* _Extracted information_:
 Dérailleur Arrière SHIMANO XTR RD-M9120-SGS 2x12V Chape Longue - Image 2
==
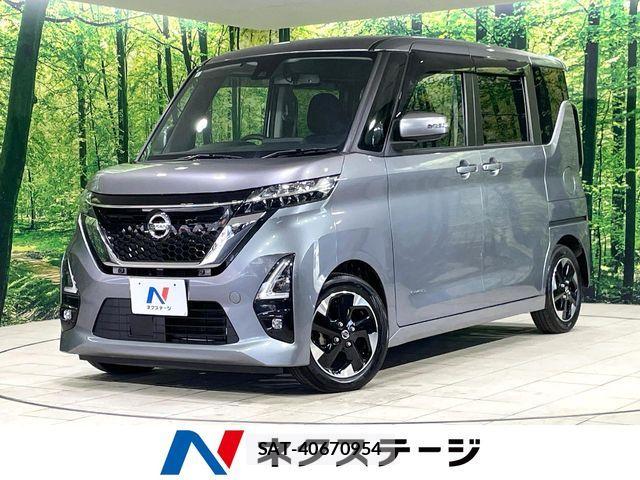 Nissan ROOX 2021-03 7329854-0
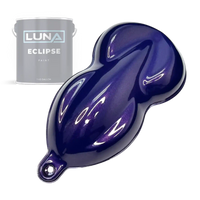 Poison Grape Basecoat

* _Task requirements_: Your answer must be the exact lines from the records above, from the one containing "Nissan ROOX 2021-03 7329854-0" through the one containing "Poison Grape Basecoat", both included, with every picture left out.

* _Output below_:
 Nissan ROOX 2021-03 7329854-0
 Poison Grape Basecoat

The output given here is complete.